A écouter : "Diamond Dogs", "Big Brother", "Rebel Rebel" 

Commentaires
DanielAR, le 29/12/2024 à 17:42
Une chronique "définitive" (merci pour ça) sur un sujet qui a fait couler beaucoup d'encre entre petits rockers (en 1974, on s'écrivait encore..). Nous ignorions toutes les informations qui sont compilées et ordonnées ici. Par conséquent, beaucoup d'entre nous se sont épuisés à imaginer (ou inventer) une cohérence dans cet album (qui semblait conceptuel) alors qu'il s'agit d'un "foutoir" intellectuel et artistique. Les disputes ont été parfois homériques... La même année, le Belge de service qui avait créé la pochette de "Diamond Dogs" s'est également illustré en réalisant la pochette de "It's Only Rock'N'Roll" de qui vous savez.

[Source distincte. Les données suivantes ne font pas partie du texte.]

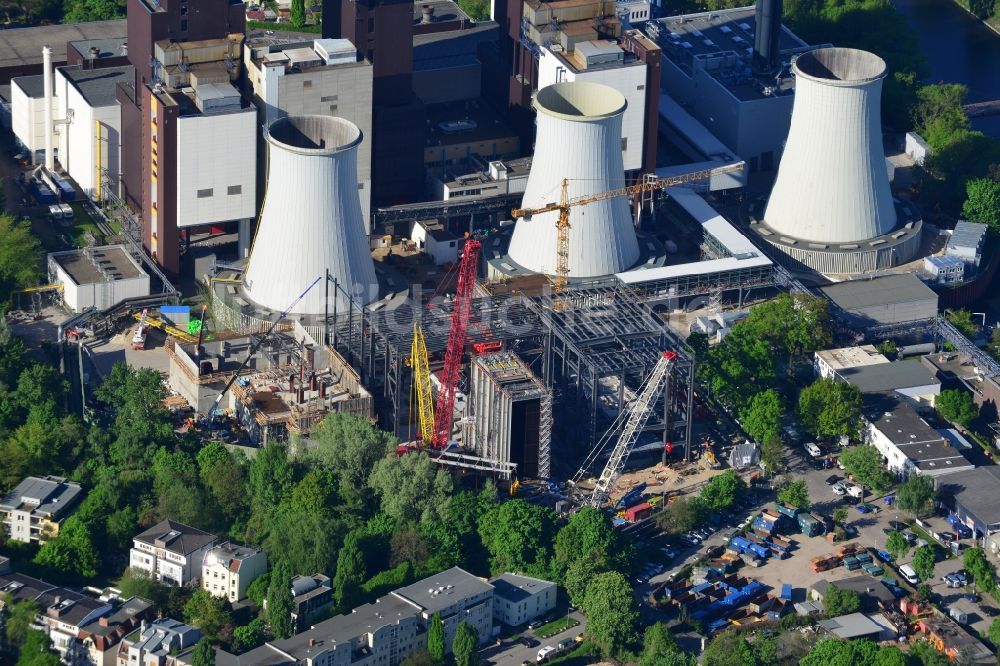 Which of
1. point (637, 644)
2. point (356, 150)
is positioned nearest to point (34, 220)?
point (356, 150)

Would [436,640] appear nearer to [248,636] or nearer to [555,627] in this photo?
[555,627]

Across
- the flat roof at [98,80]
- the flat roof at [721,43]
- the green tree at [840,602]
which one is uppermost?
the flat roof at [98,80]

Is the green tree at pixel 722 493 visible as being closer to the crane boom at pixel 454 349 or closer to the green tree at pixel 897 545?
the green tree at pixel 897 545

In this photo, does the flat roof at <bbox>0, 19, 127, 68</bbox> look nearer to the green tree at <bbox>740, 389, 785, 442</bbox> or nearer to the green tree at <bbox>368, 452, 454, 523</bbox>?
the green tree at <bbox>368, 452, 454, 523</bbox>

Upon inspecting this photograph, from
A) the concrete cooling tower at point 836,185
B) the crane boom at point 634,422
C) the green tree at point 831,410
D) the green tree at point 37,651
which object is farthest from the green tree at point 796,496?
the green tree at point 37,651

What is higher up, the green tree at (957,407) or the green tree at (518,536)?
the green tree at (957,407)

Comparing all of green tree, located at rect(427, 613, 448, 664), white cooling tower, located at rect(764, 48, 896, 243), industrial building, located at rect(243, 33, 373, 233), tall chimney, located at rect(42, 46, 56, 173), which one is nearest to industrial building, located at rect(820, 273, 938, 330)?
white cooling tower, located at rect(764, 48, 896, 243)

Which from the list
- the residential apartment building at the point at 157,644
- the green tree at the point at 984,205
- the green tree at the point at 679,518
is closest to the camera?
the residential apartment building at the point at 157,644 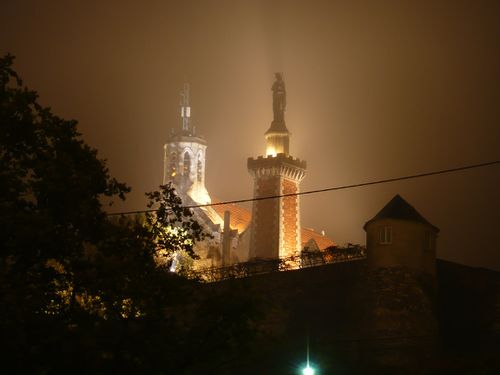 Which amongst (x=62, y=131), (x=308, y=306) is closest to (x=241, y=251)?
(x=308, y=306)

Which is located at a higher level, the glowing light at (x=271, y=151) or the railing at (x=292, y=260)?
the glowing light at (x=271, y=151)

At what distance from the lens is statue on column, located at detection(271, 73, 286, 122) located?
312 ft

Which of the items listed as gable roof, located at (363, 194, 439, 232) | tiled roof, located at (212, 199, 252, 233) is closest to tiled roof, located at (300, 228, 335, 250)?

Amaury de Lauzanne, le 12/07/2024 à 16:26
KO à cran de coke, Bowie sort les crocs dans un fracas de chaos...Que serait l’histoire du rock sans la drogue ? Un album très sombre avec trois monstres de foire sur la pochette, des guitares au son lourdingue, des textes apocalyptiques de fin du monde. We are the Dead et 1984 sonnent encore très bien. Sur ces titres, le chant de Bowie me plait beaucoup ainsi que Candidate/ Sweet Thing. Avec les sorties des inédits et bonus de Candidate et de 1984/Dodo, on découvre dans cet album un Bowie, qui vampirise la cocaïne dans des quantités astronomiques, à la voix grandiloquente et théâtrale. Bien chargé de poudre blanche, David est bel et bien un drôle de mutant hypnotique perdu dans un chaos fracassé. Bowie en 1993 : "Sur ce disque, j’ai utilisé à fond la technique de collage volée à William Burroughs. Ça explique l’aspect très fragmenté des textes. A l’époque où j’enregistrais Diamond Dogs au studio Olympic, Eno était en train de bosser sur Here Come the Warm Jets. Dès qu’il quittait le studio, j’allais écouter ses bandes, voir où il en était. Et je sais qu’il m’espionnait exactement de la même façon. Nous étions très surpris par la similarité d’écriture en collages. Drôle de disque, Diamond Dogs… Mon premier album entièrement enregistré sous l’influence de la cocaïne. L’ingénieur du son sur ce disque, Keith Harwood prenait lui aussi beaucoup de coke. J’en avais fini avec les Spiders from Mars et je m’étais mis dans la tête de jouer de tous les instruments, à part la batterie, où j’ai toujours été nul. J’étais donc la plupart du temps seul avec Keith, c’était de la folie furieuse. Nous avons totalement perdu la notion du temps, nous sommes parfois restés trois jours et trois nuits d’affilée dans le studio sans même nous en rendre compte. Aujourd’hui, je suis sidéré par la cohérence de l’album. Il aurait dû refléter le chaos qui l’a vu naître." Extraits du formidable entretien avec Jean-Daniel Beauvallet, à Londres en juin 1993, pour Les Inrockuptibles.